Employees decide how much they will contribute from their salary. The employer may match contributions as well. Any participants over the age of 50 can contribute an additional $5,500 into the plan. The combination of employee and employer contributions for 2013 was $51,000 with a $17,500 limit on employees for 2013. There are a few options on how to manage this Business Retirement Planning option including loans, hardship and early withdrawals, educational programs, and investment management options.
Automatic Enrollment 401(k)
This plan is very similar to the Traditional 401(k) plan. The difference is the employee is automatically opted into the plan. The contribution percentage is pre-defined by the employer. The employer can contribute as well. The employee has access to the funds as normal and can increase or decrease their contribution. They may opt out of the plan if they’d like. The major benefit to small business owners are higher participation levels increasing the yearly tax deductible expense.
Savings Incentive Match Plan for Employees (SIMPLE) – IRA
The Simple IRA plan is a Business Retirement Planning option geared towards small businesses with fewer than 100 employees. This plan is optional for employees to participate in.
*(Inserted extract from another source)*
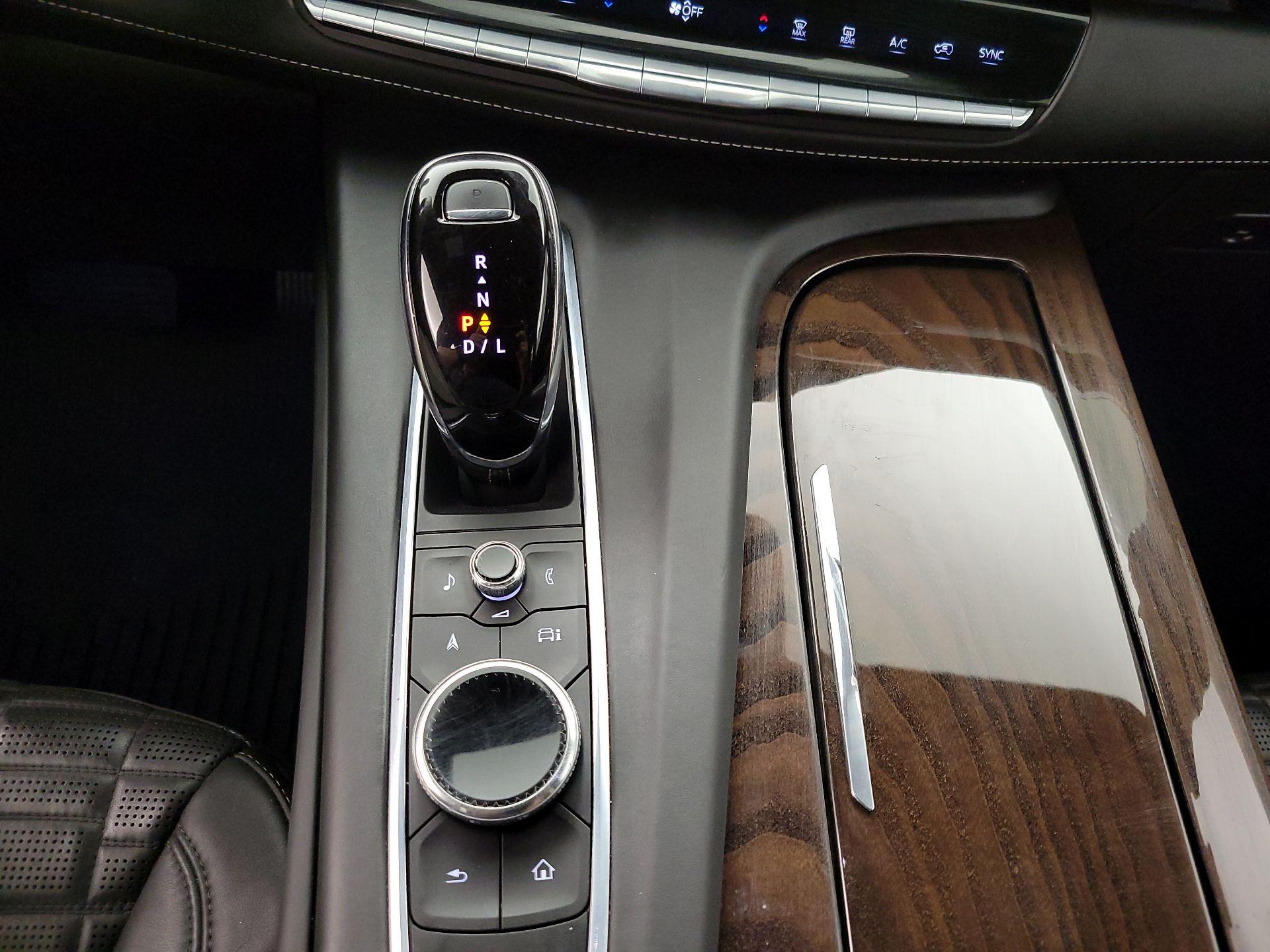 Thumbnail: 2021 Cadillac Escalade - 18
If they participate the eligible maximum amount towards contribution in 2013 was $12,000. If 50 years of age or older the maximum was $14,500.
The employer must either match dollar for dollar of the employee’s contribution up to 3 percent or they can make a 2 percent fixed contribution of the employee’s compensation. This plan can be set up automatically as well and an employee can choose to opt out of the plan. The employee is vested immediately in this plan. The major benefit towards small business owners is its tax deductible expense.
This Business Retirement Planning option allows an employer to make a large contribution for the employee. There is not set amount they have to participate for, but the limit for 2013 was $51,000. There are a few direct benefits towards a small business owner.
First it has a low administration cost. Second, it is an allowable business deduction. So those contributions aren’t taxed until they are disbursed. Small business owners can defer the $51,000 to their own 401(k) account which is more than the $17,500 employee contribution limit. Finally it’s a flexible plan. It’s discretionary and can vary year to year. If the business is having financial issues, they can reduce the profit sharing contribution.
This plan is a pre-defined and fixed benefit for employees. This is generally funded by the employer. The employee is vested over a time period. This Business Retirement Planning option is beneficial to a business in that they can contribute and therefore deduct more each year than the defined contribution plans. It’s beneficial to an employee because they have more benefits to look forward to at retirement per their employers’ contribution and not their own.